This letter is from James, a slave of God and of the Lord Jesus Christ. I am writing to the “twelve tribes”—Jewish believers scattered abroad. Greetings!
Relate: She never does anything wrong. It just isn’t fair. Even on those rare occasions when she is less than perfect, I am the one who gets blamed for her mistakes. After all, it is expected of me, but her? Never.
OK, perhaps I exaggerate a little… a lot. But this really truly was how I thought quite frequently growing up. They say the oldest sibling tends to be the responsible one. I was the second child. Apparently, there is a diagnosable syndrome for this. I guess that means there’s also some medication to combat it, counselors who specialize in it, and who knows… maybe I am eligible for some affirmative action type benefits? Where do I sign up?
But seriously, when you look at it analytically, I am supposed to be the smart one. I read the entire Chronicles of Narnia in kindergarten and made it through the Bible in a year for my first time when in first and second grade. It wasn’t just English.
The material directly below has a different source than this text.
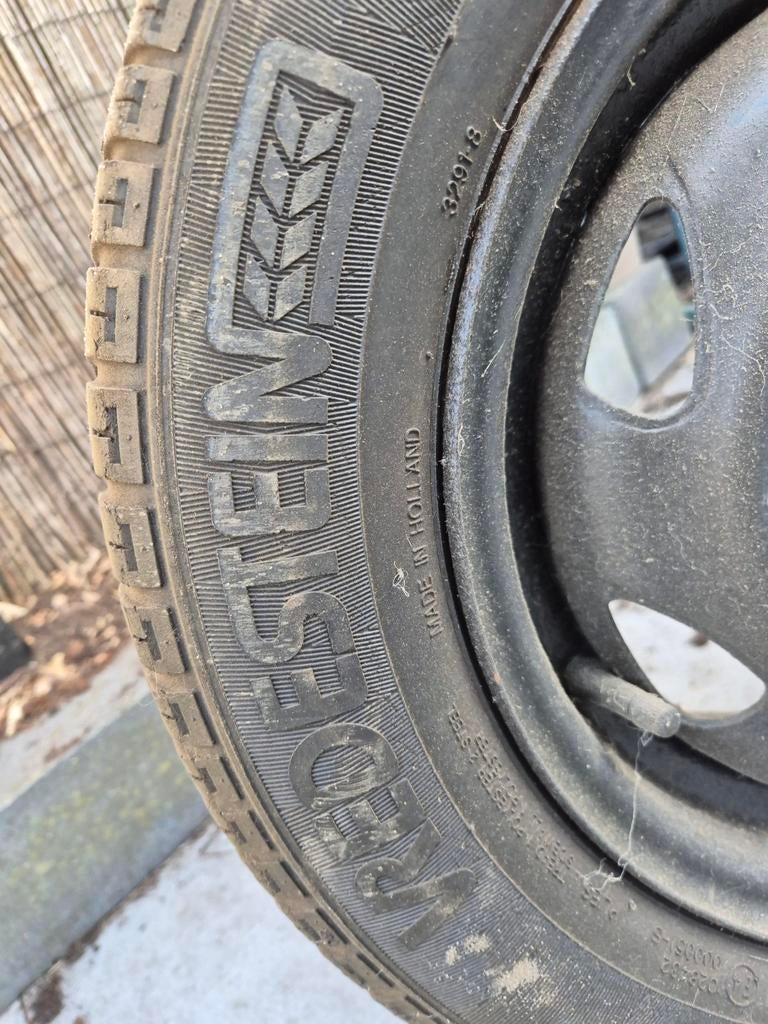 Vredestein autoband met velg  165/70 r13, Auto diversen, Autosport-onderdelen, Gebruikt, Ophalen of Verzenden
I was making my own baseball cards before reaching double digits and without a calculator, I could tell you while a baseball game was still live what a hit or popout would do to the hitter’s Avg and the pitcher’s ERA. If you were to look at my report card you would think I was an idiot. Up until tenth grade, I did just enough to pass and that was about it. I prided myself on not doing a single homework assignment the entire eighth grade. In ninth, I slept through my advanced math class with a 50 something average, then opened up and taught myself the entire textbook the day before my final. Got an 89.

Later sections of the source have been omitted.